Photographer: Simon Dawson/Bloomberg

Ryanair Deepens Fare Cuts to Fill Jets as European Demand Wanes

  • Sharper yield decline helping to spur forward bookings
  • Market needs stimulus as terror attacks, Brexit take toll

Ryanair Holdings Plc told analysts it’s cutting prices more than anticipated this summer, helping to boost bookings and increase occupancy levels on its flights.

Ryanair’s yield, a measure of revenue per kilometer flown that reflects fares, is expected to fall between 8 and 9 percent over the first half ending Sept. 30, steeper than the 6 to 8 percent drop originally expected, Europe’s biggest discount carrier said by e-mail, confirming comments at an analyst briefing.

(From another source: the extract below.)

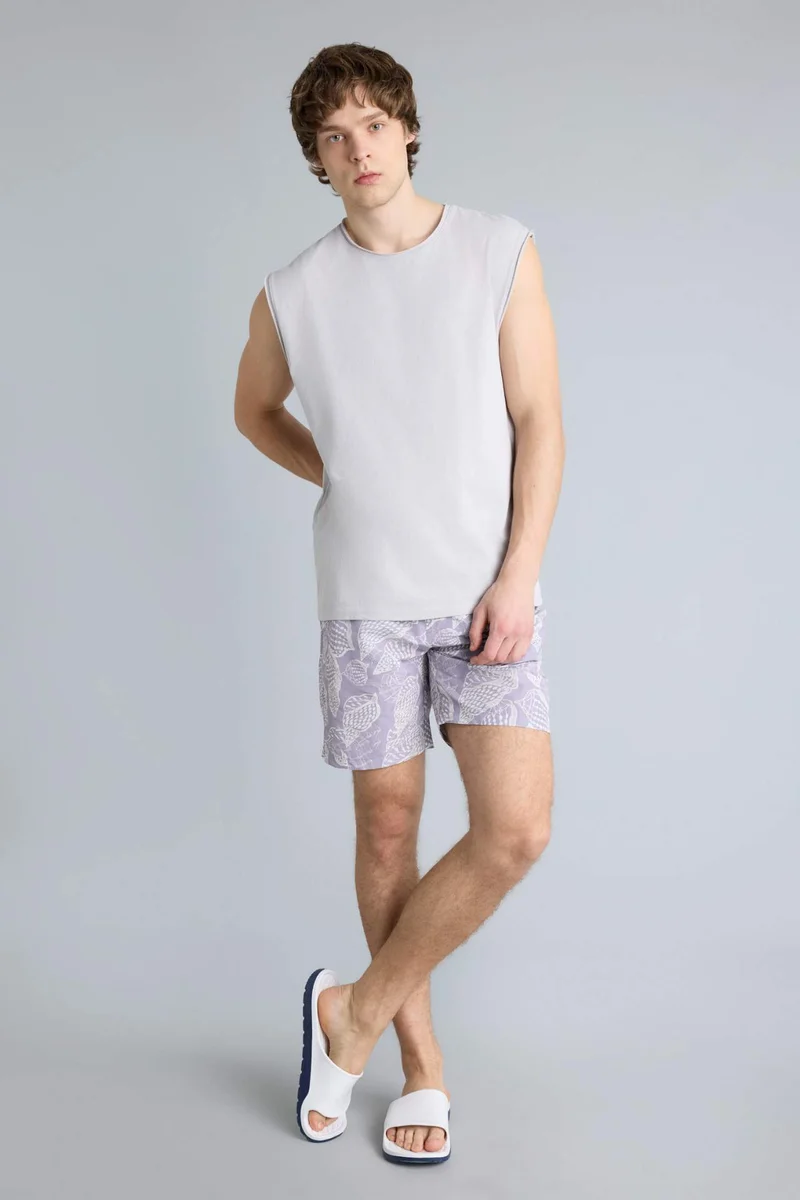 Regular Fit Printed Mesh Lined Swim Shorts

At the same time, August and September bookings are up 1 percentage point from a year earlier. That could help Ryanair attain a 96 percent load factor in the fiscal second quarter, Barclays analyst Oliver Sleath said in a note.

Europe’s airlines are discounting tickets as terror attacks spanning Germany, France and Belgium to Mediterranean resorts depress demand for travel and Britain’s decision to leave the European Union impacts the economy. Ryanair Chief Executive Officer Michael O’Leary has said he’ll always cut prices where necessary to fill planes and protect his company’s market share.

Mandatory Membership

At the same time, Dublin-based Ryanair will hold off on further share buybacks after investors gave the go ahead to repurchase a further 10 percent of stock.

“As long as cash flows remain strong, we will look to return cash to shareholders,” the company said. “However it will likely be 2017 before we announce anything.”

Ryanair said it will move towards requiring passengers to register on its website in order to book flights, a move aimed at gathering more customer data that the carrier can use to help personalize future sales offers and extras.

Membership of the MyRyanair program should increase to 15 million people before the end of March, from 11 million now, the carrier estimates.

“Mandatory sign-in is then a natural evolution as the vast majority of customers will want to be members to enjoy the benefits and the exclusive offers,” spokesman Ronan O’Keeffe said.